Breast cancer in Piedmont generates 4,450 new cases every year. “It is not always necessary to administer chemotherapy after surgery to avoid a possible reappearance of breast cancer”, adds Alessandra Gennari, Professor of Medical Oncology at the Department of Translational Medicine of the University of Eastern Piedmont and Director of the Oncology Department of the ‘Maggiore Hospital of Charity in Novara: “There is a subpopulation of patients at intermediate risk who are located in a’ gray area ‘. Precisely for these women it is necessary to resort to genomic tests that allow to verify the appropriateness of a treatment that determines considerable side effects. Furthermore, important savings are also obtained for the entire regional health system ”.

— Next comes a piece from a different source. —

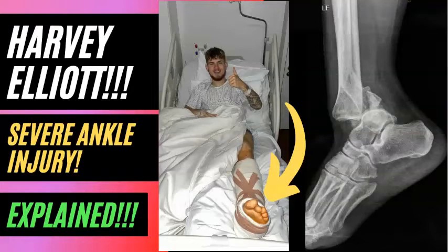Hello everyone. Today we're going to preview Harvey Elliott's injury for Liverpool FC. He was injured in his match against Leeds, suffering an ankle dislocation and fracture. We're going to explain this injury play by play and look at when he might return to play.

More than 64,000 women with cancer live in the Region and five-year survival is 88%. “As in the rest of Italy, mortality has been steadily decreasing since the mid-1980s and this is mainly due to the introduction of screening programs”, concludes Rosella Spadi, Coordinator of AIOM Piedmont and Valle d’Aosta: “Merit of this success is also to be found in innovative anti-cancer treatments that are more effective than ever before. Thanks to research, therapies today are more personalized and tailored to the individual patient. Genomic tests favor precision medicine against a very frequent and widespread neoplasm such as breast cancer. Precisely for this reason we ask to be able to use them regularly also in our Region ”.